* **Captioned web images**
**********
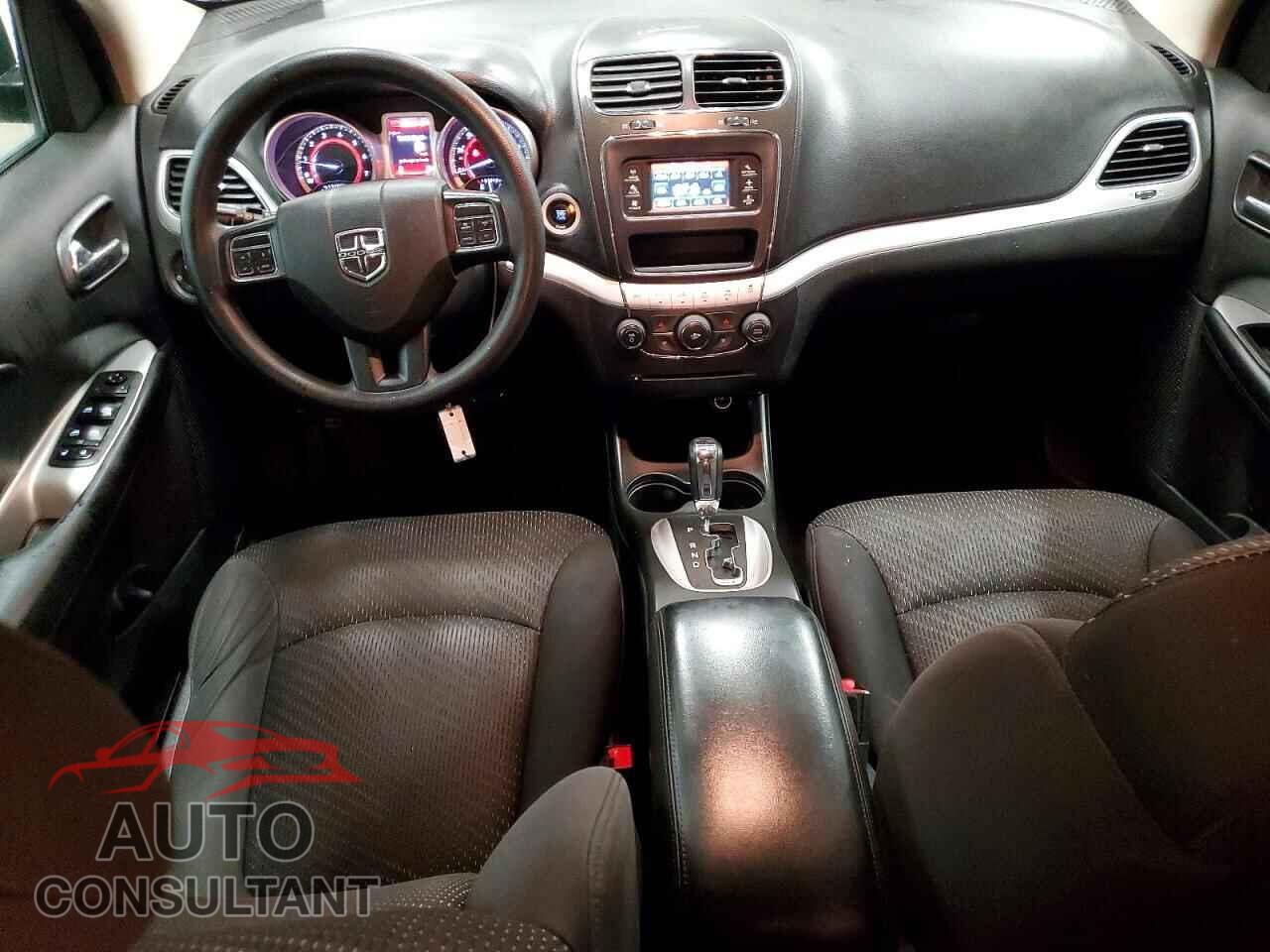 DODGE JOURNEY 2015 - 3C4PDCAB9FT565654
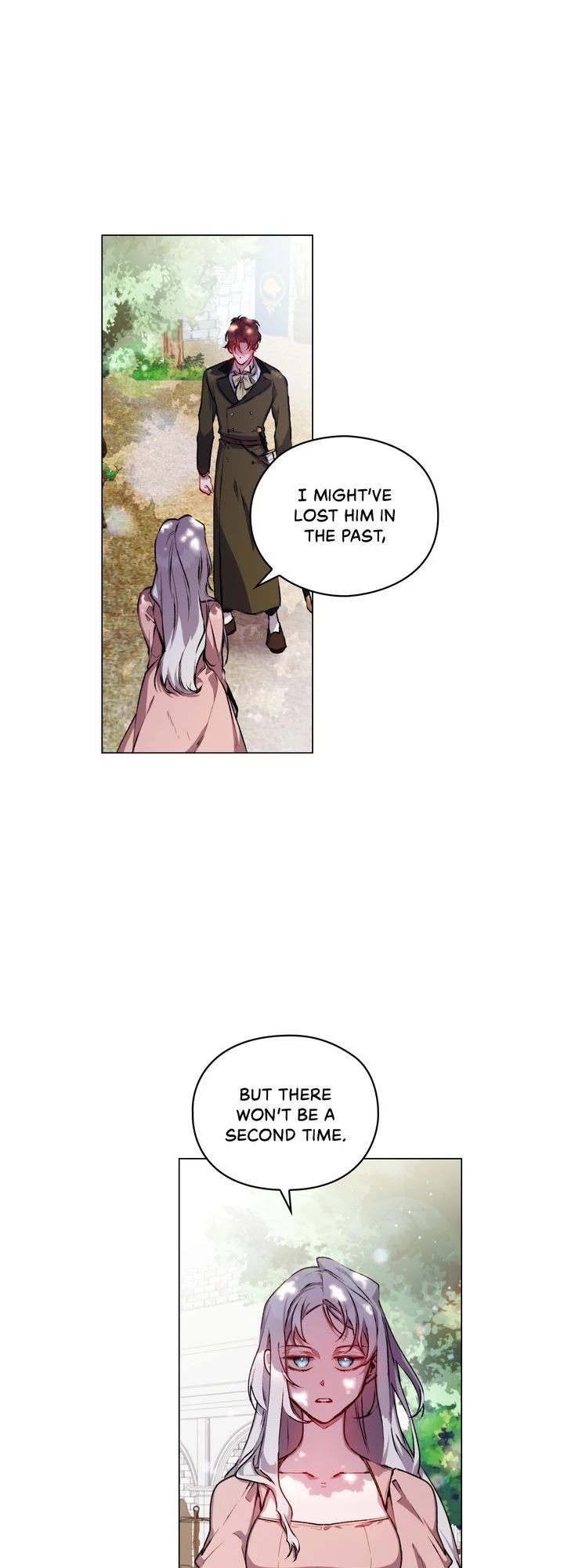 I'll Raise You Well in This Life, Your Majesty! Chapter 6 page 3 - Chapter 6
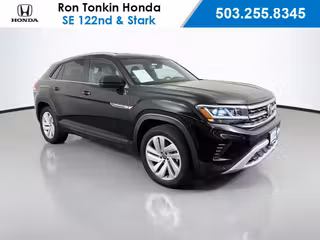 2022 Volkswagen Atlas Cross Sport 3.6L V6 SE w/Technology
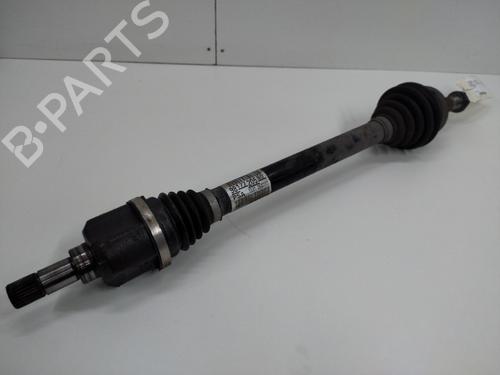 Used Left front driveshaft PEUGEOT EXPERT Van (V_) 1.6 BlueHDi 95 (95 hp) 20896084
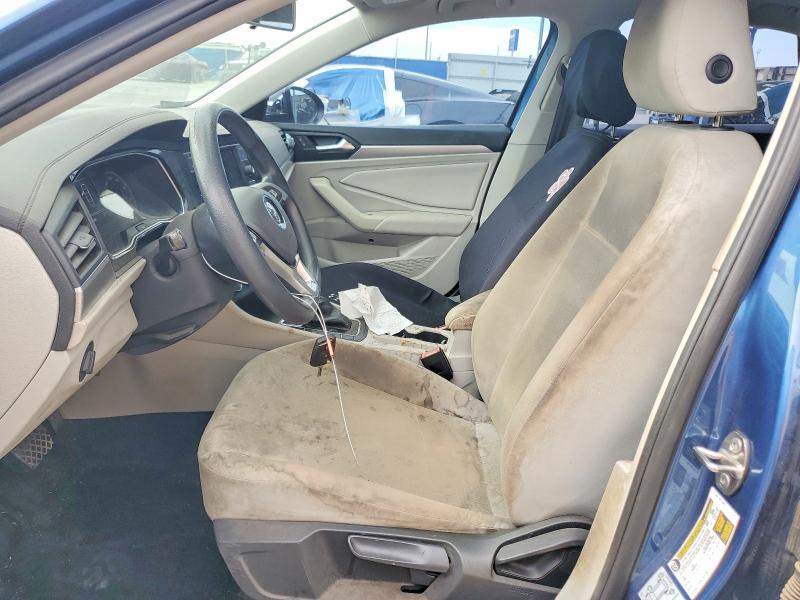 54124366 :رقم المزاد ، 3VWCB7BU6KM216156 vin ، 2019 Volkswagen Jetta مزاد بيع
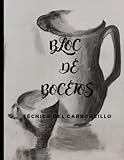 BLOC DE BOCETOS: TÉCNICA DEL CARBONCILLO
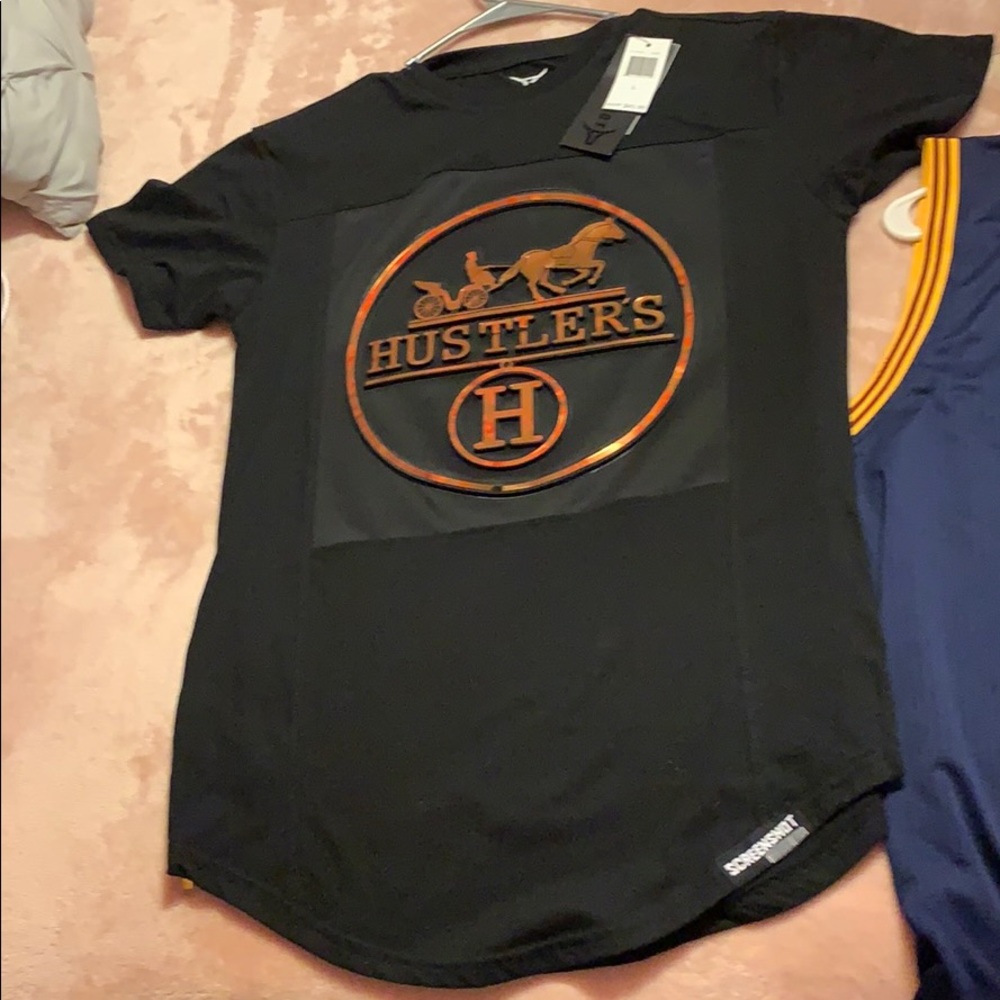 Large t-shirt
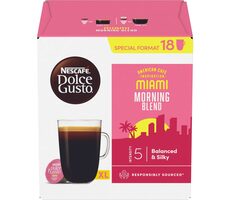 NESCAFÉ Dolce Gusto Grande Miami Morning Blend 18 ks / Kapsľová káva 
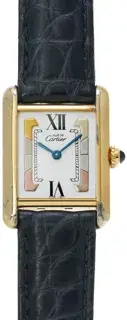 Cartier Cartier Tank SM 5057001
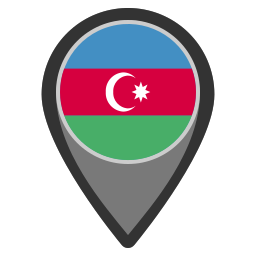 azerbaijão Ícone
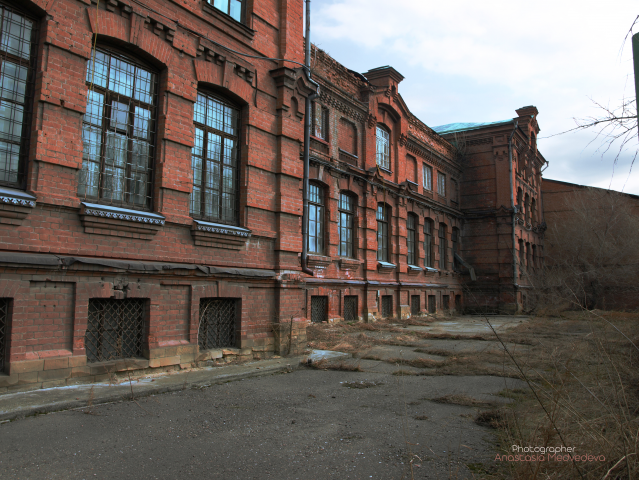старый завод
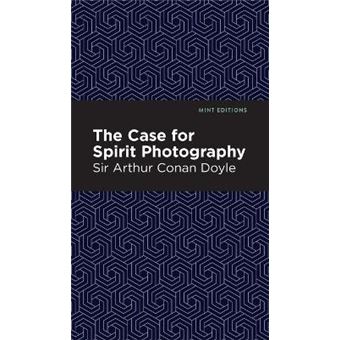 Case For Spirit Photography Mint Editions - 1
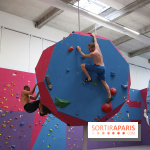 Block Out 3 à Lisses, B'O3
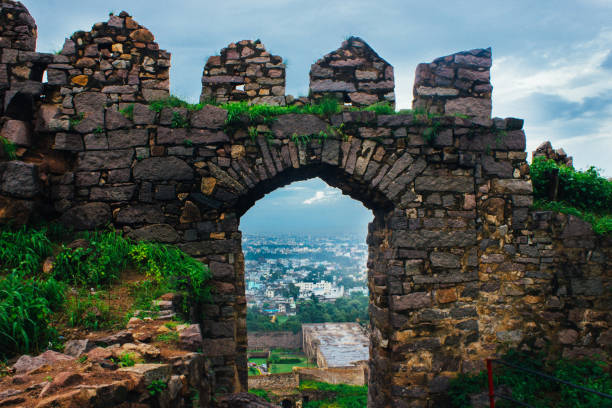 Nizam Konda – Medieval Hill Fort
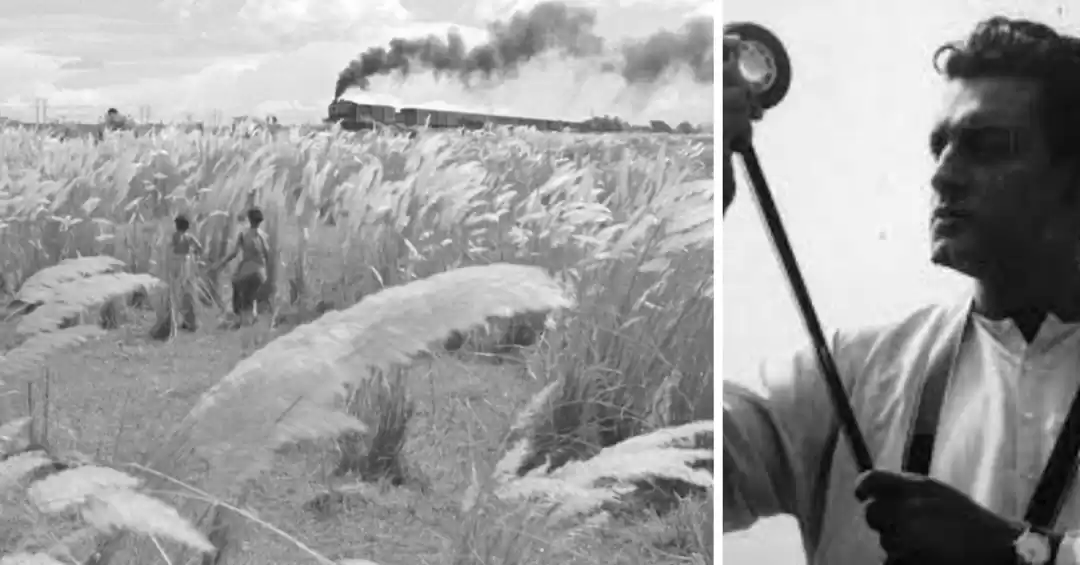 Photo of সত্যজিৎ রায়: রিল থেক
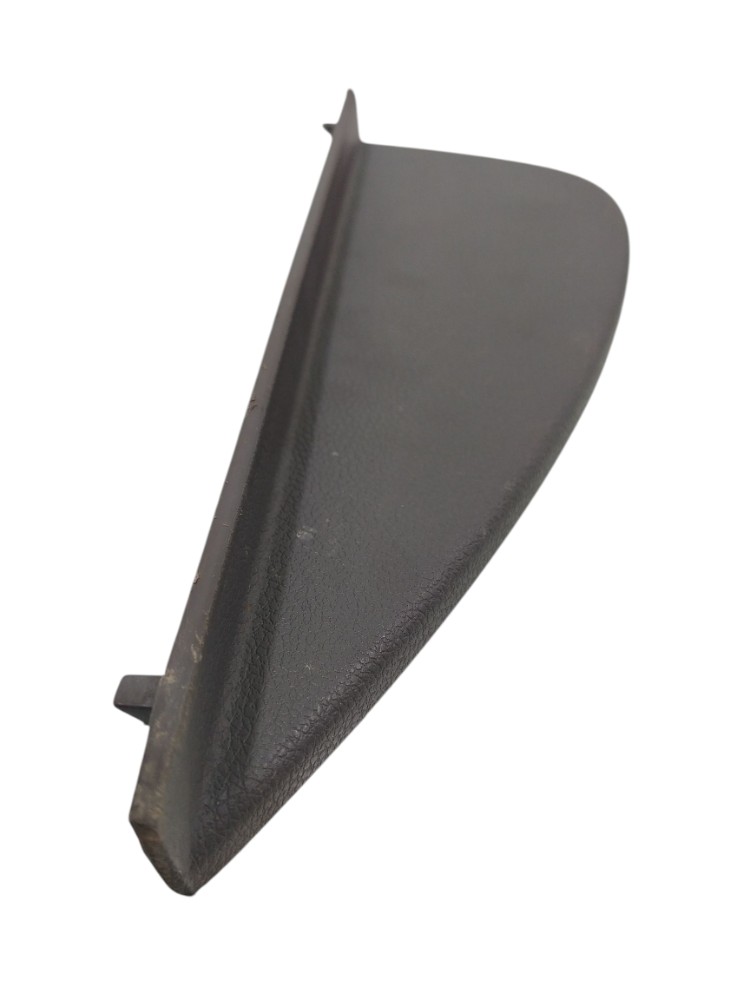 Acabamento Esquerdo Lateral Ford Fiesta 2002 A 2014 Cinza 7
**********
* **Activity**
Write the data out again word for word; leave the pictures behind.

* **Task answer**
 DODGE JOURNEY 2015 - 3C4PDCAB9FT565654
 I'll Raise You Well in This Life, Your Majesty! Chapter 6 page 3 - Chapter 6
 2022 Volkswagen Atlas Cross Sport 3.6L V6 SE w/Technology
 Used Left front driveshaft PEUGEOT EXPERT Van (V_) 1.6 BlueHDi 95 (95 hp) 20896084
 54124366 :رقم المزاد ، 3VWCB7BU6KM216156 vin ، 2019 Volkswagen Jetta مزاد بيع
 BLOC DE BOCETOS: TÉCNICA DEL CARBONCILLO
 Large t-shirt
 NESCAFÉ Dolce Gusto Grande Miami Morning Blend 18 ks / Kapsľová káva 
 Cartier Cartier Tank SM 5057001
 azerbaijão Ícone
старый завод
 Case For Spirit Photography Mint Editions - 1
 Block Out 3 à Lisses, B'O3
 Nizam Konda – Medieval Hill Fort
 Photo of সত্যজিৎ রায়: রিল থেক
 Acabamento Esquerdo Lateral Ford Fiesta 2002 A 2014 Cinza 7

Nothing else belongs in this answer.